ACTIVITY: Would you please restate the data exactly as it stands, apart from the pictures?
---------- SOURCE RECORDS ----------
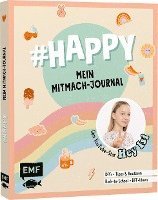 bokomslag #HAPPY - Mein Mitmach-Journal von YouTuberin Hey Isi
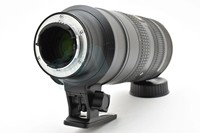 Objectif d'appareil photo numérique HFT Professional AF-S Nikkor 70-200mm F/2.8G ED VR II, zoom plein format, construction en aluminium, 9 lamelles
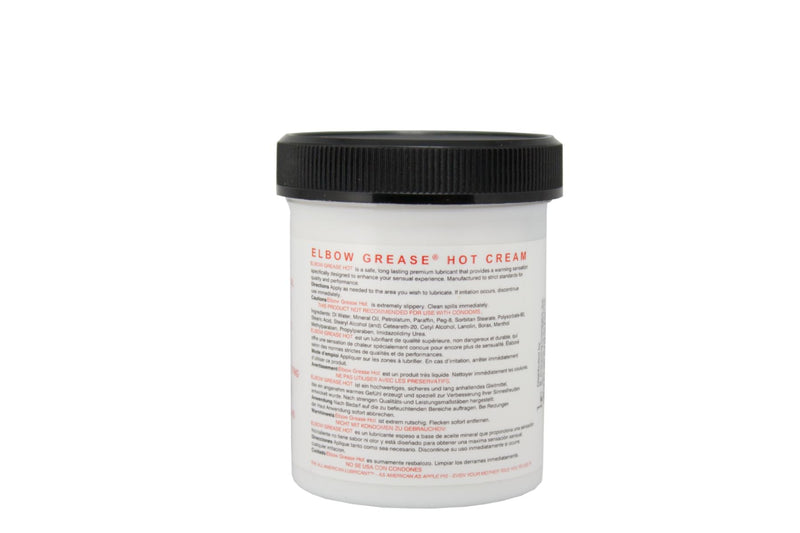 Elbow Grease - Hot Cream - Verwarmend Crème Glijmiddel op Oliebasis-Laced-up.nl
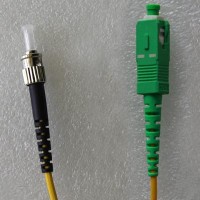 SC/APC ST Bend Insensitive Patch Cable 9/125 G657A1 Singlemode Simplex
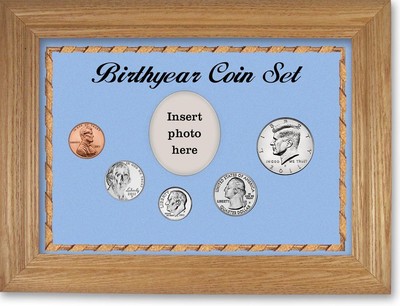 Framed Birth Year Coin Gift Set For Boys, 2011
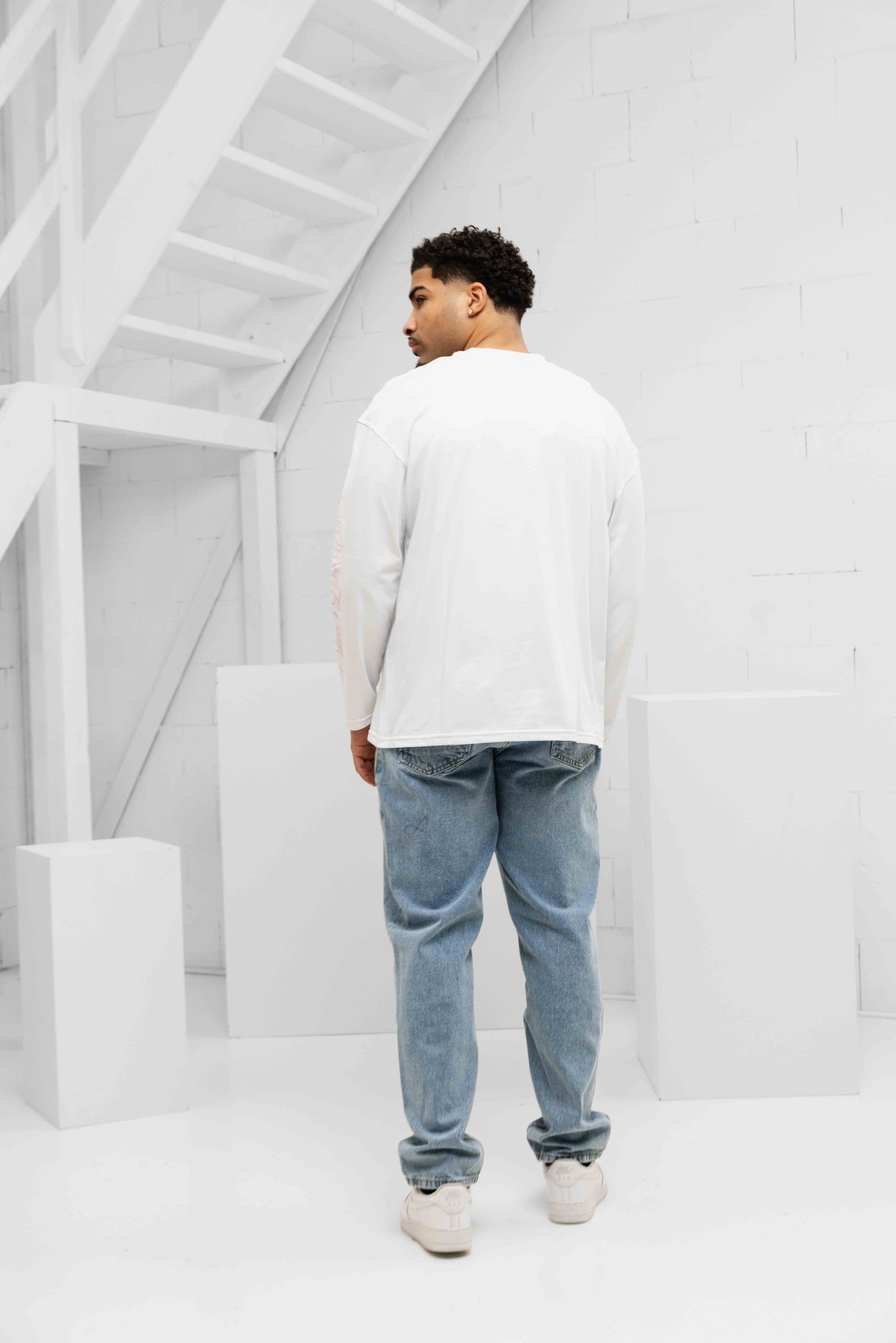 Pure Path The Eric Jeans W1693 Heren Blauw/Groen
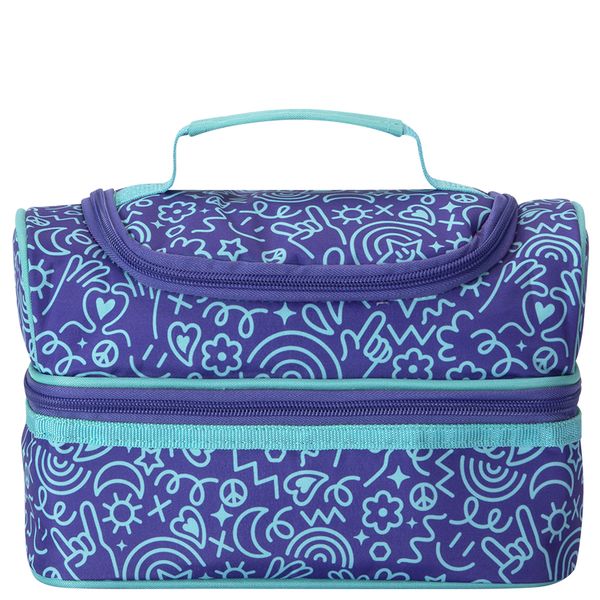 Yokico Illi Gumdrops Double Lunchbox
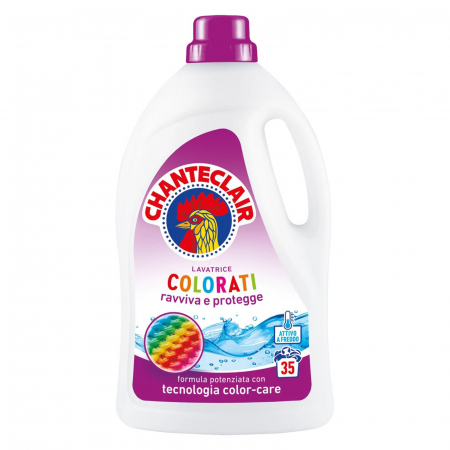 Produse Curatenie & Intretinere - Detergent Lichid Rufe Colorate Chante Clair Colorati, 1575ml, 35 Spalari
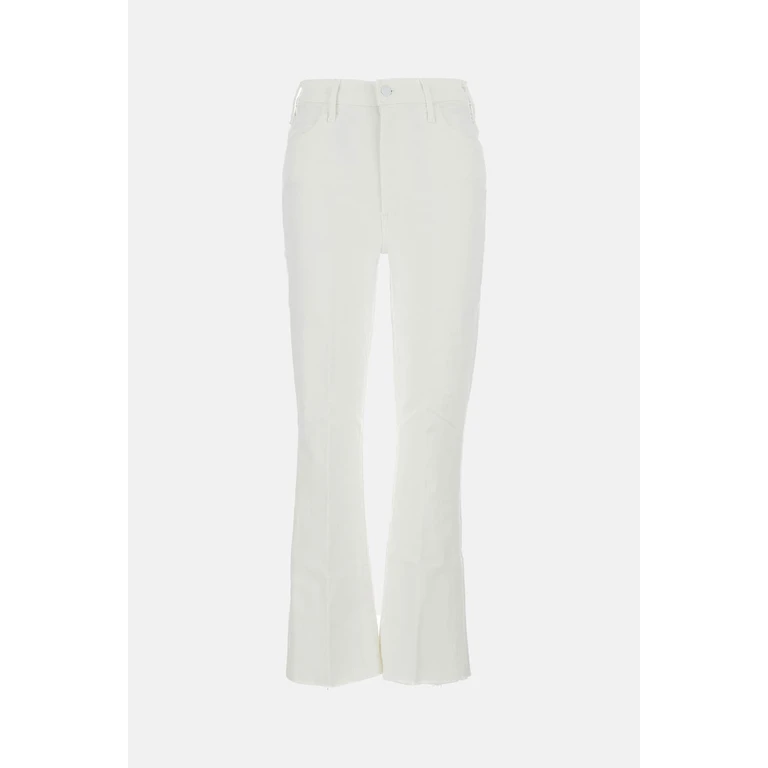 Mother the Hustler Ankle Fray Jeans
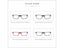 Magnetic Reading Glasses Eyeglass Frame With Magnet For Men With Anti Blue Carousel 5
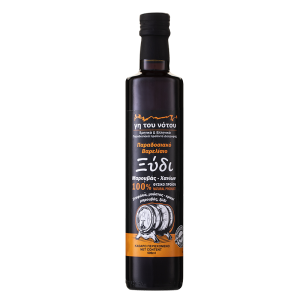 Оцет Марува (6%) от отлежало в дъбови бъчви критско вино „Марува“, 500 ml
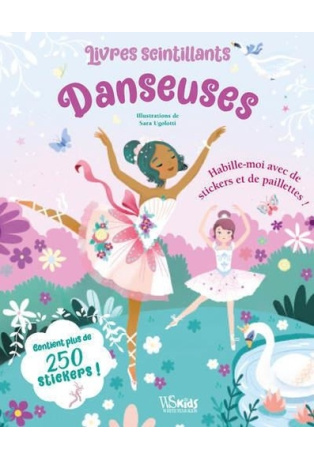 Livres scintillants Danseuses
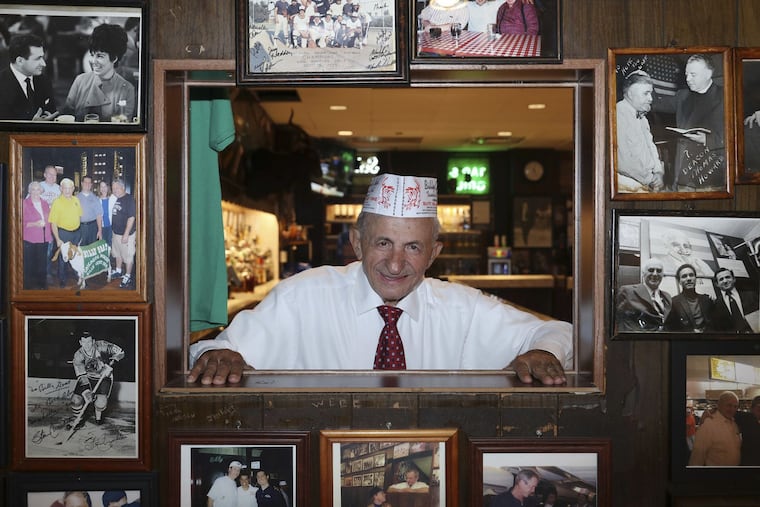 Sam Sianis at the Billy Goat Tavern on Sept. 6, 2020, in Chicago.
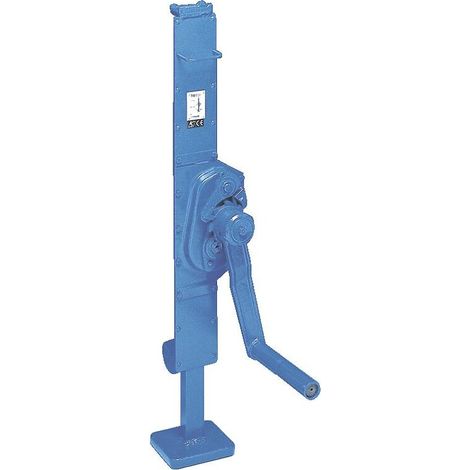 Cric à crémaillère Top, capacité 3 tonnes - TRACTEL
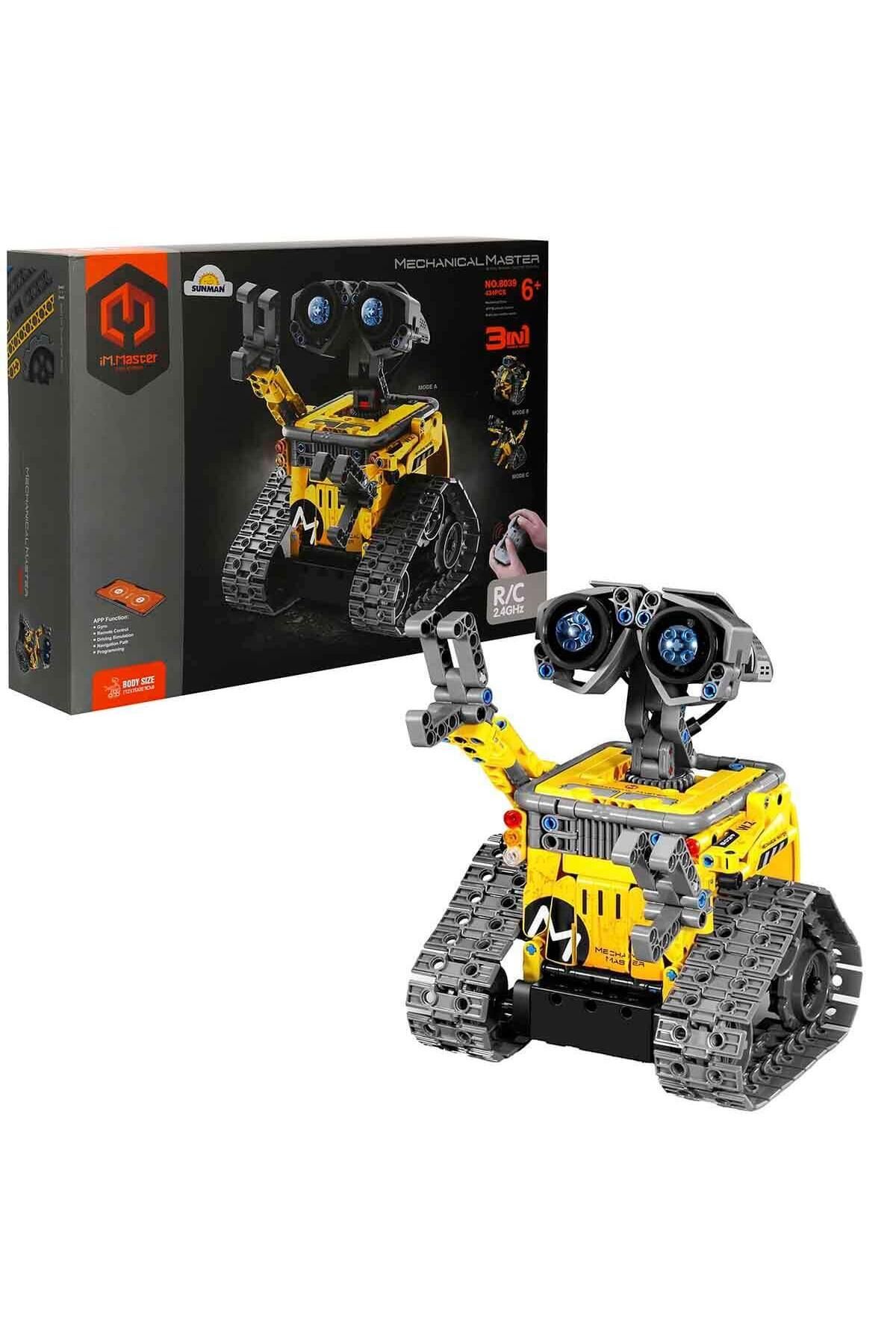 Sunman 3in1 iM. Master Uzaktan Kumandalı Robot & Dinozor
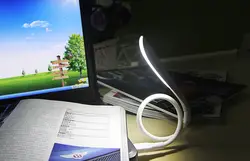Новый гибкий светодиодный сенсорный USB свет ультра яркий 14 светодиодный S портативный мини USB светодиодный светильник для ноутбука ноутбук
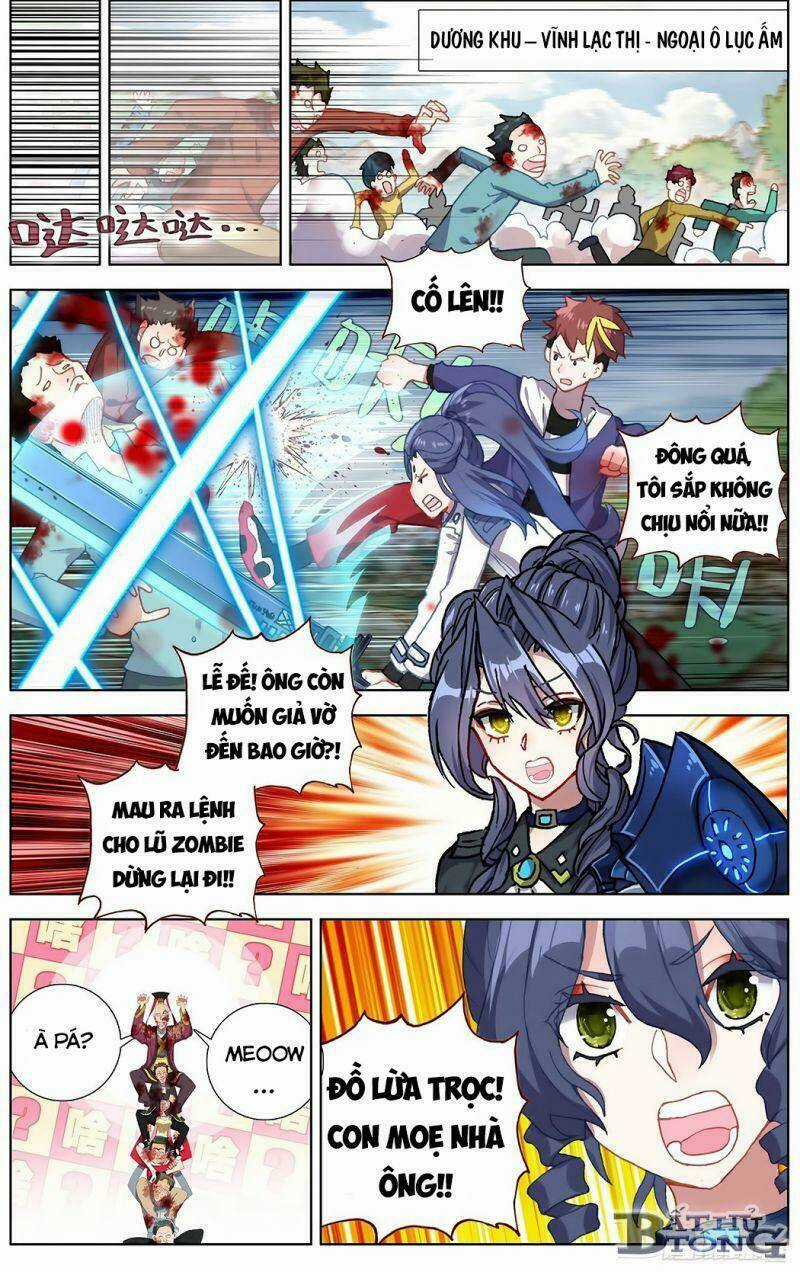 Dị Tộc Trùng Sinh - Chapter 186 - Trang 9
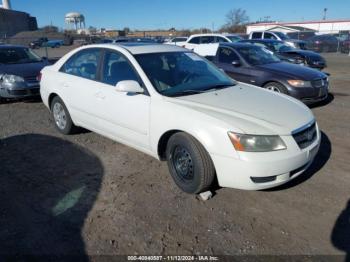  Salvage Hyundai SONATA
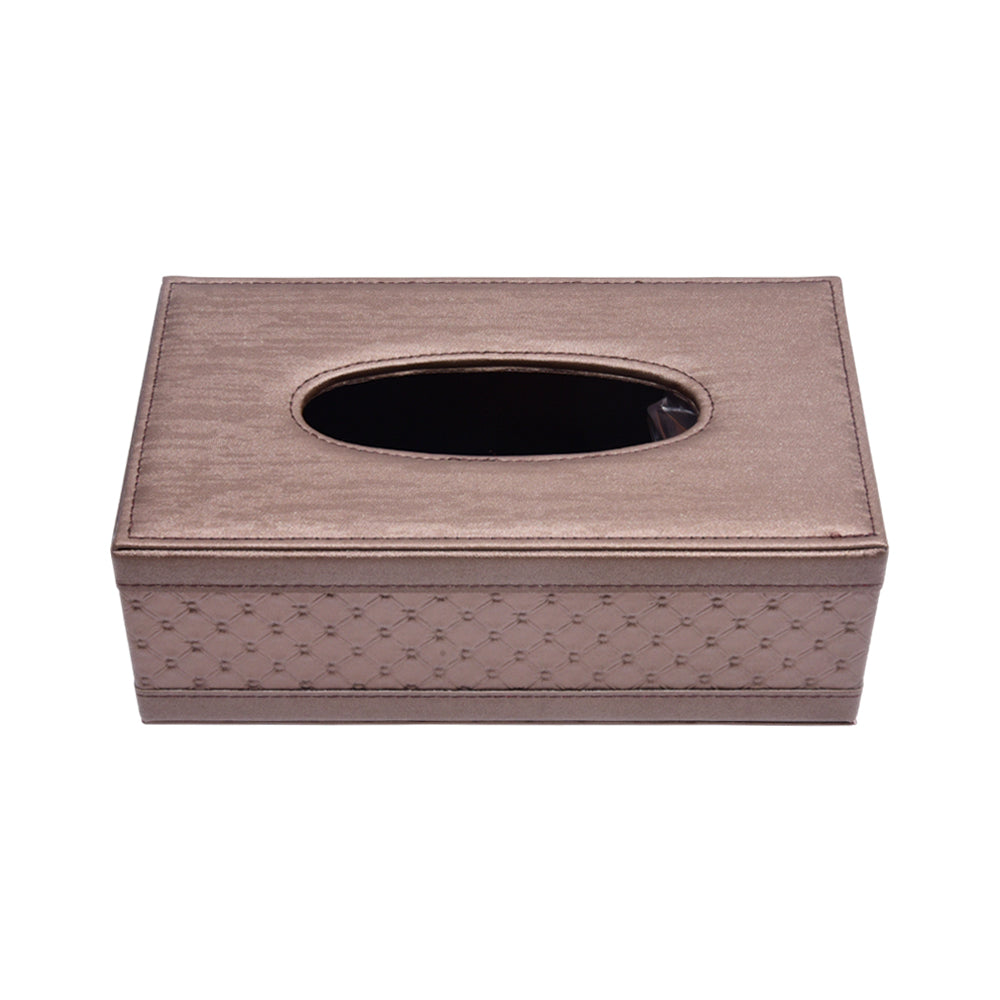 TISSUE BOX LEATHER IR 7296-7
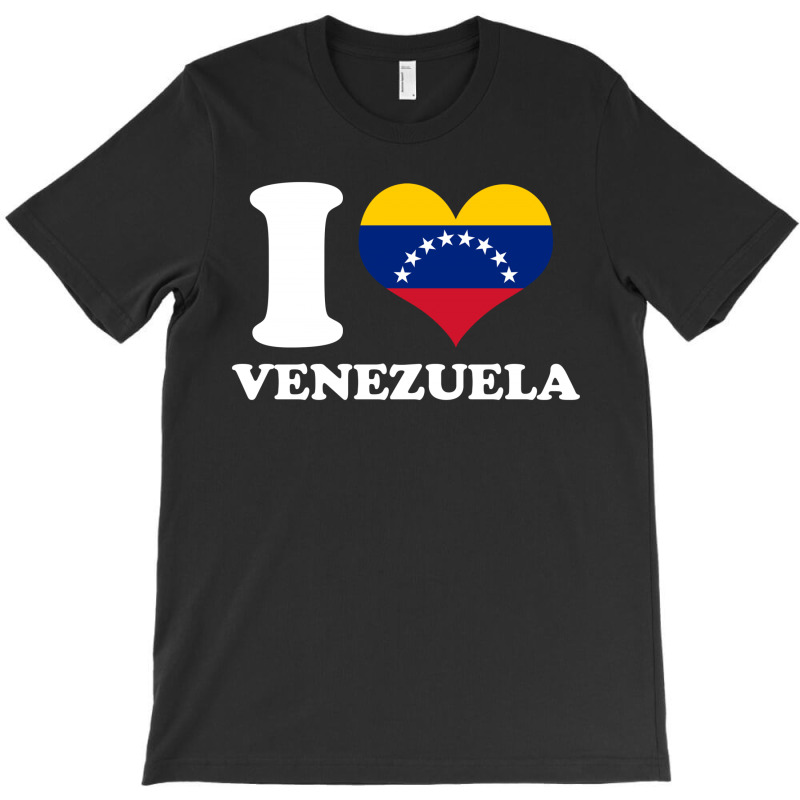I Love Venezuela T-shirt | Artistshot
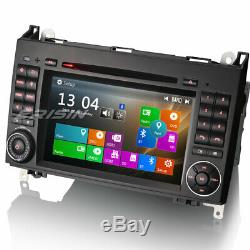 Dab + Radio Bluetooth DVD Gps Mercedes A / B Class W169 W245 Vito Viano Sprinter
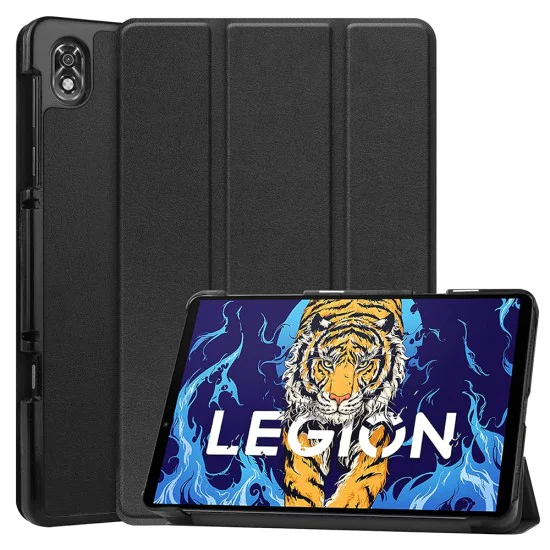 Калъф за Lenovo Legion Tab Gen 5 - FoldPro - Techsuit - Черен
----------
EXERCISE OUTPUT:
 bokomslag #HAPPY - Mein Mitmach-Journal von YouTuberin Hey Isi
 Objectif d'appareil photo numérique HFT Professional AF-S Nikkor 70-200mm F/2.8G ED VR II, zoom plein format, construction en aluminium, 9 lamelles
 Elbow Grease - Hot Cream - Verwarmend Crème Glijmiddel op Oliebasis-Laced-up.nl
 SC/APC ST Bend Insensitive Patch Cable 9/125 G657A1 Singlemode Simplex
 Framed Birth Year Coin Gift Set For Boys, 2011
 Pure Path The Eric Jeans W1693 Heren Blauw/Groen
 Yokico Illi Gumdrops Double Lunchbox
 Produse Curatenie & Intretinere - Detergent Lichid Rufe Colorate Chante Clair Colorati, 1575ml, 35 Spalari
 Mother the Hustler Ankle Fray Jeans
 Magnetic Reading Glasses Eyeglass Frame With Magnet For Men With Anti Blue Carousel 5
 Оцет Марува (6%) от отлежало в дъбови бъчви критско вино „Марува“, 500 ml
 Livres scintillants Danseuses
 Sam Sianis at the Billy Goat Tavern on Sept. 6, 2020, in Chicago.
 Cric à crémaillère Top, capacité 3 tonnes - TRACTEL
 Sunman 3in1 iM. Master Uzaktan Kumandalı Robot & Dinozor
Новый гибкий светодиодный сенсорный USB свет ультра яркий 14 светодиодный S портативный мини USB светодиодный светильник для ноутбука ноутбук
 Dị Tộc Trùng Sinh - Chapter 186 - Trang 9
  Salvage Hyundai SONATA
 TISSUE BOX LEATHER IR 7296-7
I Love Venezuela T-shirt | Artistshot
 Dab + Radio Bluetooth DVD Gps Mercedes A / B Class W169 W245 Vito Viano Sprinter
 Калъф за Lenovo Legion Tab Gen 5 - FoldPro - Techsuit - Черен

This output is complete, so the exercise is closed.